Bloody lovely - if you're thinking of putting it into regular service then there's some parts (wheels, crankset etc.) that might be best 'preserved'. Or just have fun....


----------



## alecstilleyedye (1 Jun 2009)

GrahamG said:


> Bloody lovely - if you're thinking of putting it into regular service then there's some parts (wheels, crankset etc.) that might be best 'preserved'. Or just have fun....

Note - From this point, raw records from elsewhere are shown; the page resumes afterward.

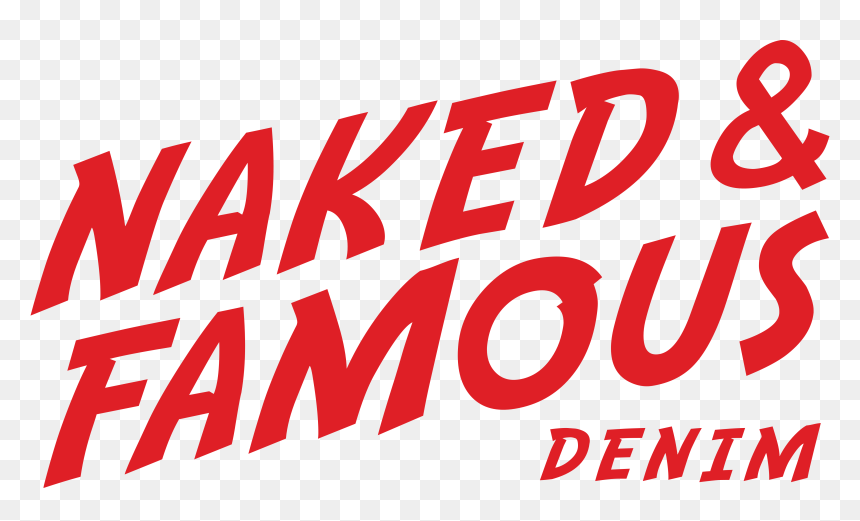 Naked And Famous Denim Logo, HD Png Download - famous png
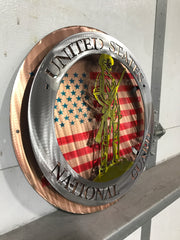 Double Plate US National Guard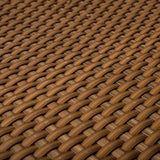 Sichtschutzstreifen CAVE Rattan-Optik | Cognac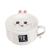 Wk-8933 stainless steel cartoon rabbit with cover bubble noodle bowl large bubble noodle cup elementary school tableware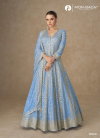 Anarkali By Aashirwad Mor Bagh Chinon Silk Gown With Dupatta Wholesale Online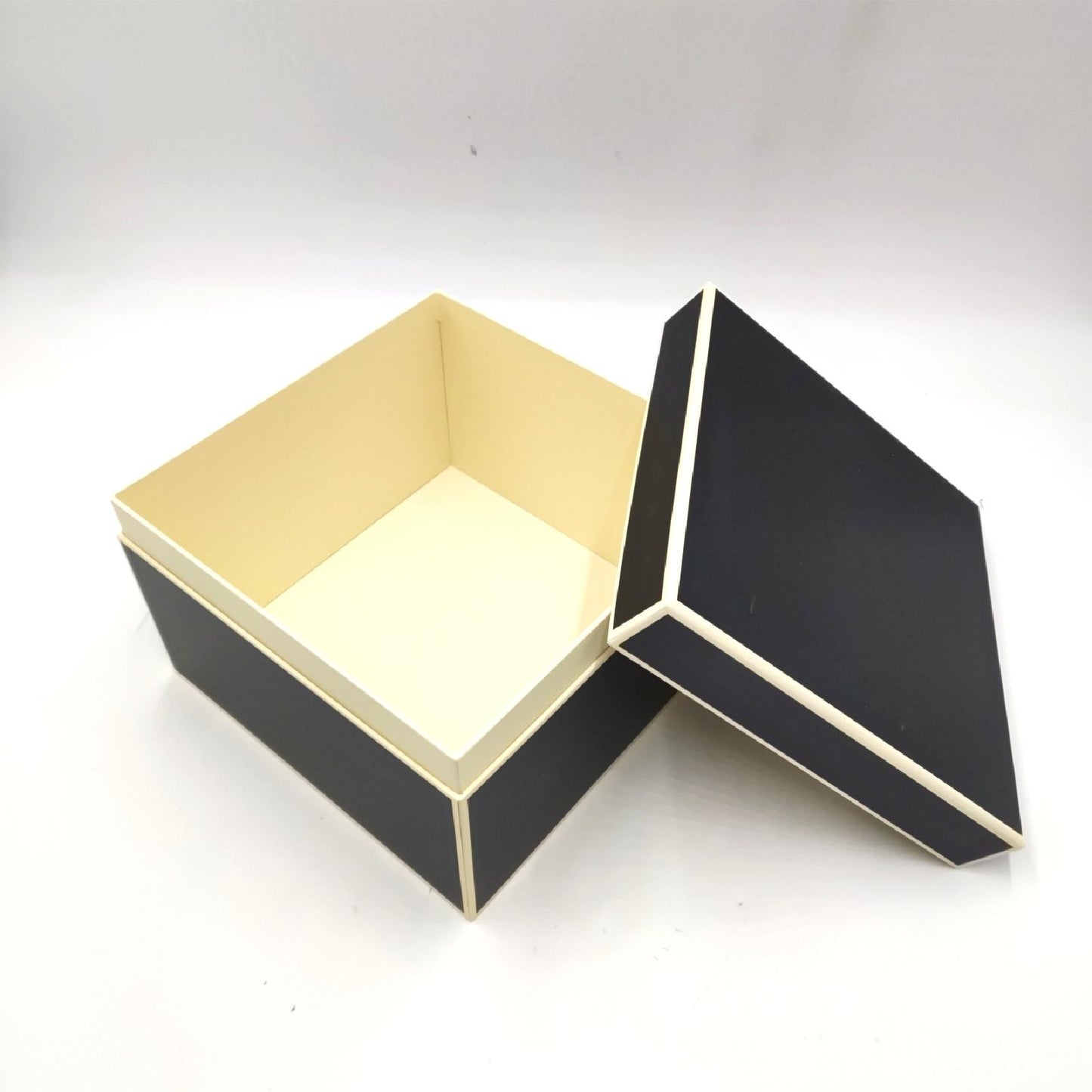 352080 Aufbewahrungsboxen Set 5 tlg verschiedene Größen Geschenkboxen Schwarz Rotation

indeed, the original wheelset (hb airlite hubs, fiamme rims) was built by reg harris' mechanic and needs tubs, so they will be just used occasionally. it's on the road for current use with a mixture of mavic/alex wheels with one black and one yellow tyre 

i'm stripping the bottom bracket tonight, as i'm sure after 40 years it will need at least new grease. it's obviously so well looked after (and serviced) that i'm hoping that that will be as straightforward as it can be having the right tools, clear instructions but no experience of cup and cone bbs…


----------



## dan_bo (4 Jun 2009)

slavver. Very very nice.


----------



## RedBike (5 Jun 2009)

Are you doing Macc wheelers Cheshire Cycle way ride on it next week?


----------



## alecstilleyedye (7 Jun 2009)

RedBike said:


> Are you doing Macc wheelers Cheshire Cycle way ride on it next week?

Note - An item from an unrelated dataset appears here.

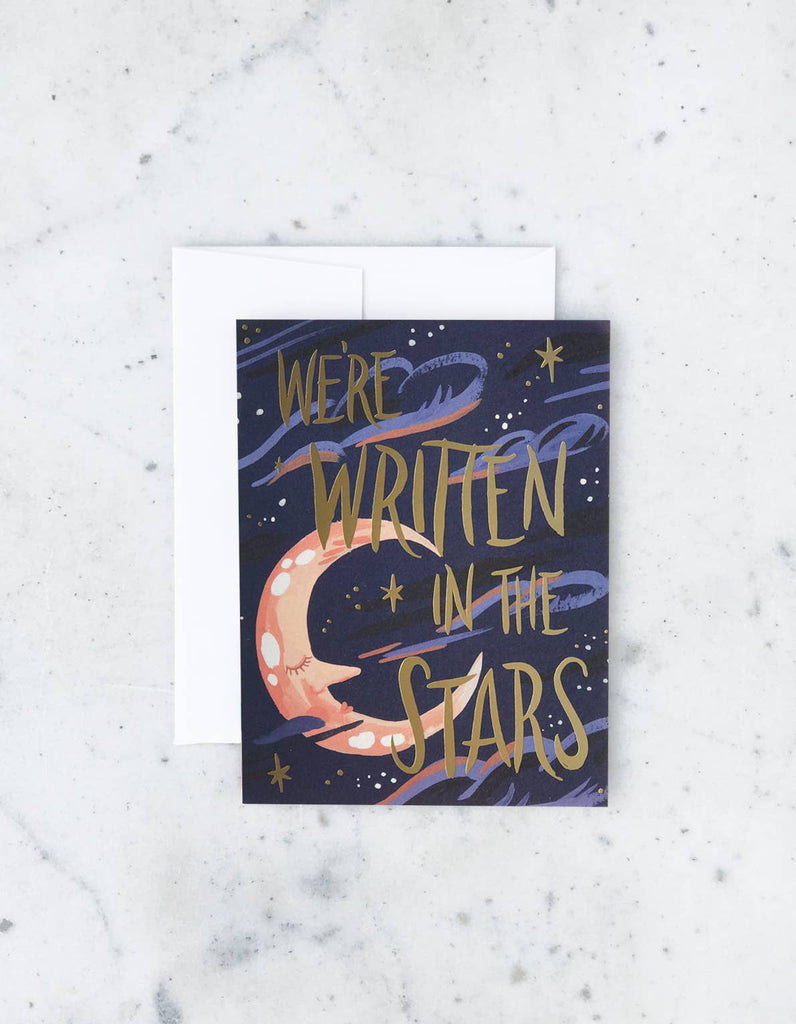 "We're Written In Stars" Card - A beautifully designed card capturing the magic of shared destinies.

only of there's no hills, or wind


----------



## swee'pea99 (11 Jun 2009)

Sweet. You jammy bastard!


----------



## alecstilleyedye (17 Jul 2009)

now has a green brooks saddle, brooks green bar tape, tubs and a handlebar mounted bottle cage.

looks the dog's. (photos to come)


----------



## alecstilleyedye (18 Jul 2009)

photos here at last…


----------



## wafflycat (18 Jul 2009)

Lovely! A classic.


Apart from.. isn't that chain just a tiny bit slack?


----------



## alecstilleyedye (18 Jul 2009)

cheeky waffles 

chain is about right, subject to a test ride that is…


----------